15 December 2014 at 4:01 pm #7781ken lParticipant
Just wanted to share this information that a friend sent me as
this will be the first Christmas my family and I will celebrating since the lost of our son.Hoping this provides anyone who struggles at Christmas with some strenght and hope.
Ken L GRCG
The holidays can be a stressful, emotional time for many, but when you’re grieving the death of a loved one, it can be even tougher. Loneliness, guilt and feeling out of sync with the rest of the world are common reactions.
Info and advice is provided by Dawn Cruchet, a grief educator and counselor based in Montreal.
1. It’s okay to be upset
The ache of missing someone is often magnified during the holidays. Stores, TV commercials, music – they’re all urging the world to be jolly and enthusiastic, which can be difficult for a griever. “The holidays are especially hard because they go on for so long – all of November and December, and part of January,” says Cruchet. “Plus, all your senses – your sight, hearing, smell and taste – are being tickled with decorations, songs, and food. They’re all reminding you that your person isn’t here to share this time with you.”
If you feel melancholy, or angry, allow yourself to experience these emotions; they’re all part of a healthy grieving process . “If you push down your feelings, they’re going to reappear as fear, anxiety, or bad dreams. It’s important to get what’s inside outside. To pretend that nothing has happened is unnatural, and makes things worse,” says Cruchet. Being true to your feelings and following wherever they take you is healthy and completely normal.
2. Take one year at a time
You might find it too painful during your first holiday without a loved one to decorate your home, exchange gifts or send cards. Cruchet says this is completely normal and there’s no right or wrong way to deal with what December brings.
Don’t beat yourself up if you can’t face traditions such as cooking a huge holiday meal. “It’s okay to have ham or even hot dogs for dinner. It doesn’t mean that it’s going to be forever. It’s just one year,” says Cruchet. “Where you are now will be very different from where you are next year.”
3. Talk about your loss
Avoiding talk of your deceased loved one will make you feel worse, not better. “It’s important to talk about the person who died,” says Cruchet. “Don’t be afraid to share memories and tears.” Gather your friends and family to relive stories and photos of past holidays. You’ll share laughs and a few tears as you fondly reminisce. Let those memories give you strength and comfort.

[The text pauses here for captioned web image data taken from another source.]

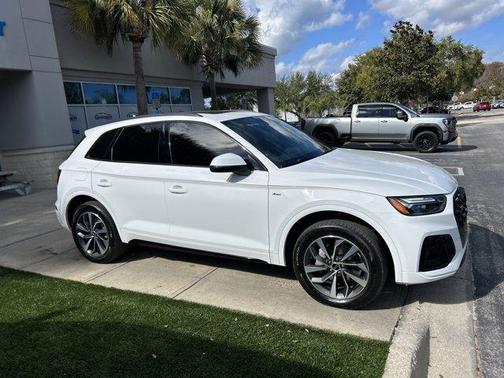 2024 Audi Q5 45 S line quattro Premium
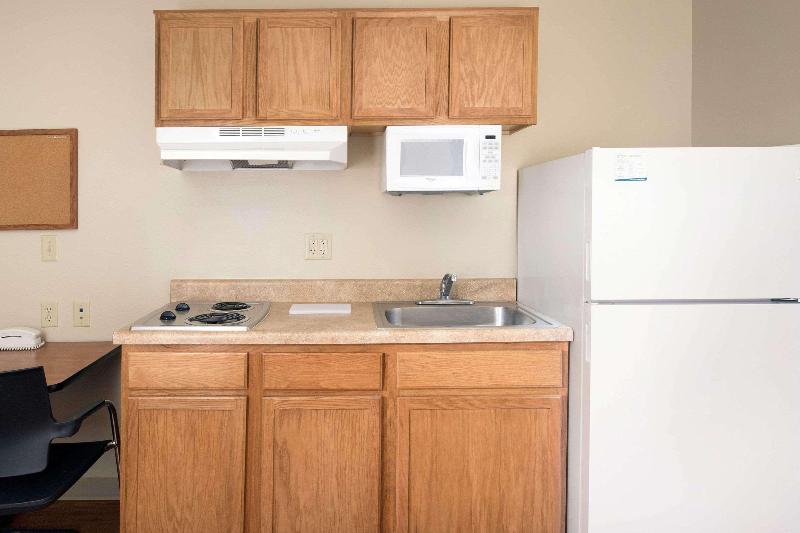Woodspring Suites Provo American Fork image
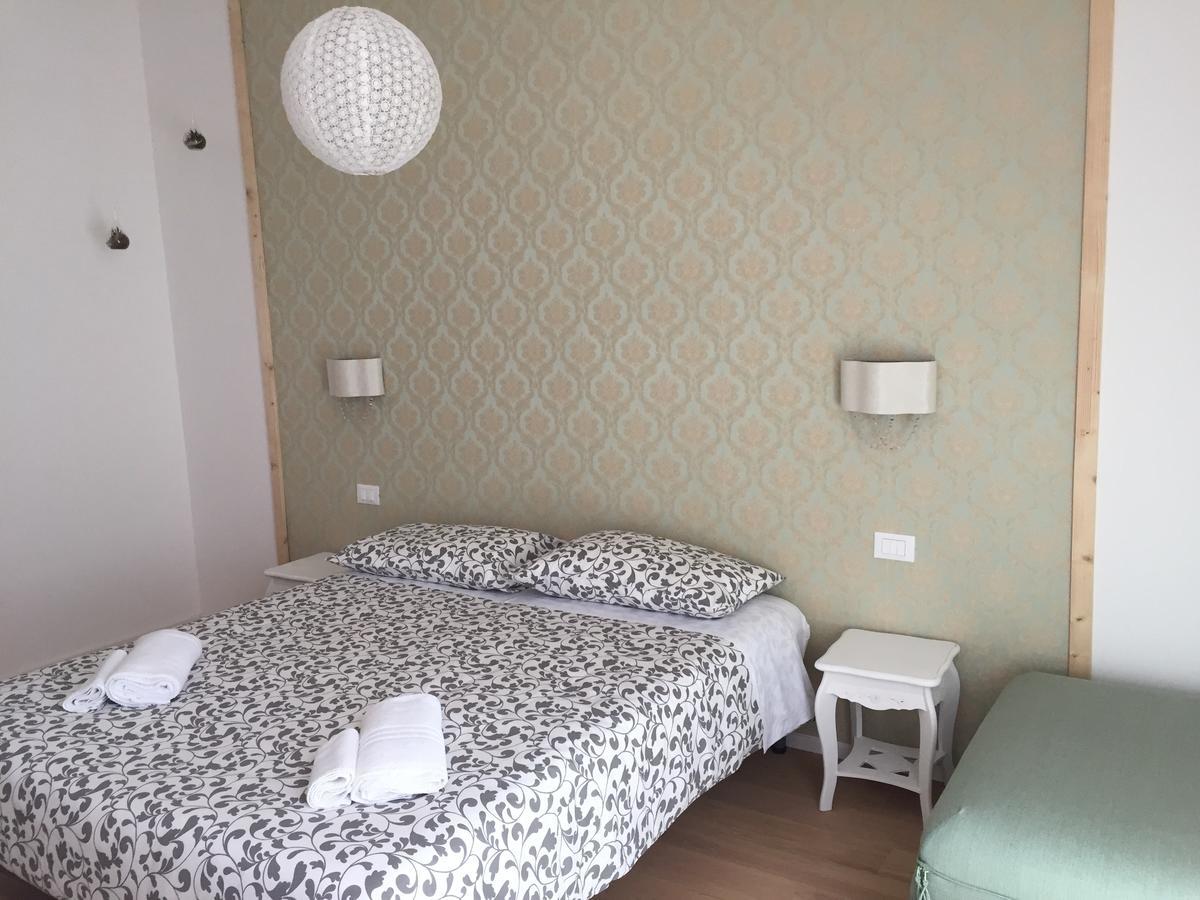 Dante Rooms And Apartment 特伦托 外观 照片
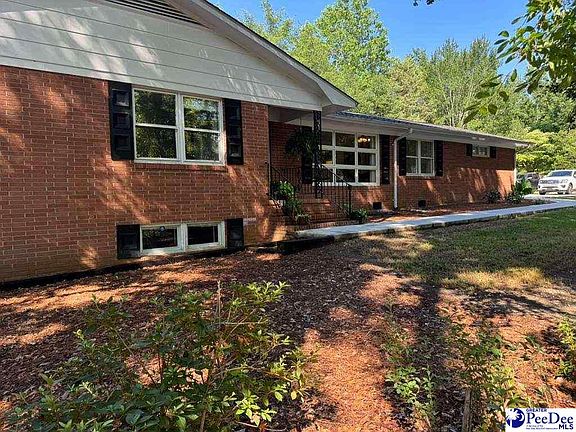 4th image of 304 Sliding Hill Rd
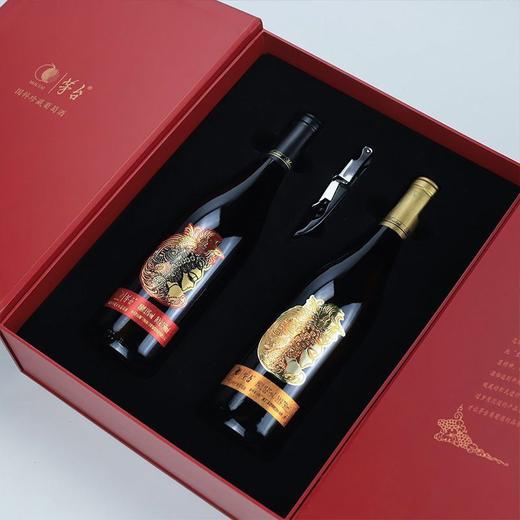 茅台红酒国粹双支礼盒优势现货，每箱4盒，每盒750ml×2瓶礼盒装配礼袋，整箱8瓶优势现货。 商品图1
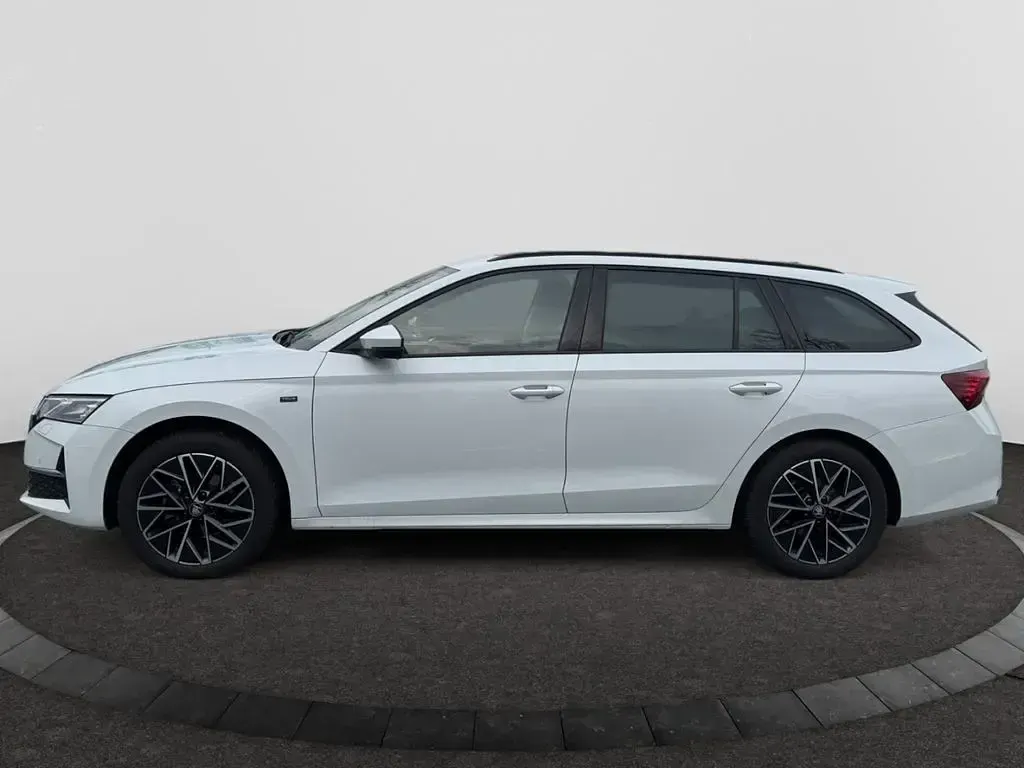 Gebraucht Skoda Octavia Tour 150 PS (110 kW) 2025 Moonweiss metallic Kombi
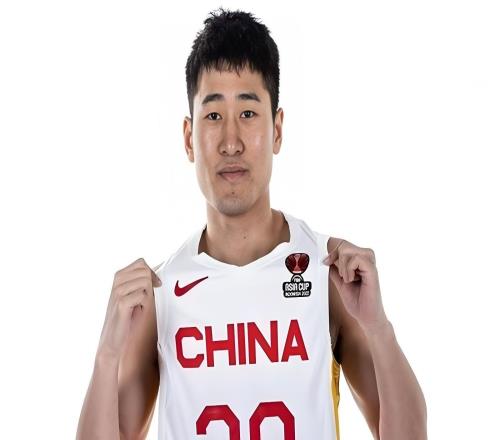 杨瀚森休战缺席，中国男篮翻盘！球员评分出炉：5人高分，3人拉胯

Some grievers even like to propose a toast, set a place at the table, or light a candle to honour their person. Do what makes you feel best.
4. Handling invitations
The holidays often bring party invites, but what’s a grieving person to do when they feel less than celebratory? When an invite arrives, Cruchet recommends asking if you can RSVP the day of the event. “You’re not going to know how you’re going to feel until that day. If they need to know numbers in advance, too bad. People who love you will be okay with it.”
If you decide to go but are still feeling apprehensive, try the 20-minute rule. “Go for 20 minutes and then reassess,” says Cruchet. If you’re having a good time, stay. If you’re feeling overwhelmed, it’s okay to leave. Give yourself kudos for trying.

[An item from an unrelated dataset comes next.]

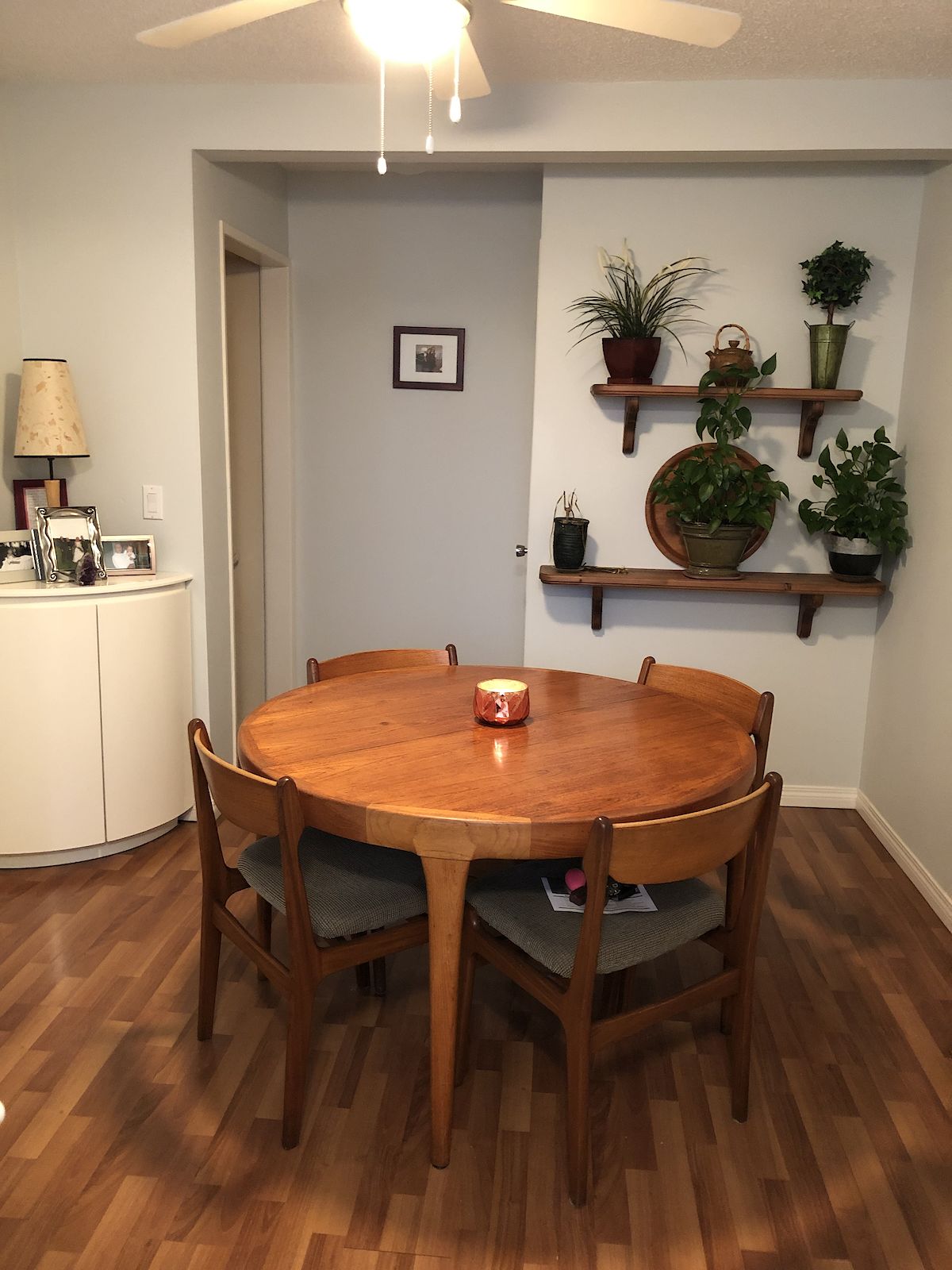 Calgary 2 bedrooms Townhouse for rent. Property photo: 371957-1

5. It’s okay to accept help
“Many of us like to be in control, and find it hard to accept offers of help,” says Cruchet. “It can reflect our vulnerability.” When friends and family ask if they can lend a hand, it’s not a sign of weakness to let them. “Grieving is exhausting. It takes a lot of energy,” says Cruchet. “If you don’t have the energy to cook a turkey, wrap gifts , or write cards, let someone else do it.”
6. Don’t feel guilty
It’s not uncommon to feel you’re dishonouring your loved one’s memory if you have a good time. How can you laugh when they’re gone? “The fact that you smile or laugh, or can be caught up in a movie has nothing to do with how much you love or miss that person,” says Cruchet. “We adjust to the person’s death and lack of physical presence. And part of that adjustment means getting on with our lives.”
7. Help others
Some people find that focusing on the needs of others during the holidays gets them through the season. Volunteer at a food bank or animal shelter, organize toy donations for a children’s charity, or bake cookies for your local seniors’ centre. It feels good to give the gift of time and thoughtfulness. You might even start a new holiday tradition. “Giving can become a tribute to the person who has died,” says Cruchet.17 December 2014 at 12:15 pm #7782janey1Participant
Thank you Ken, this advice is practical and helpful for anyone missing a loved one this year.
I’m more sorry than words can say that this applies to you.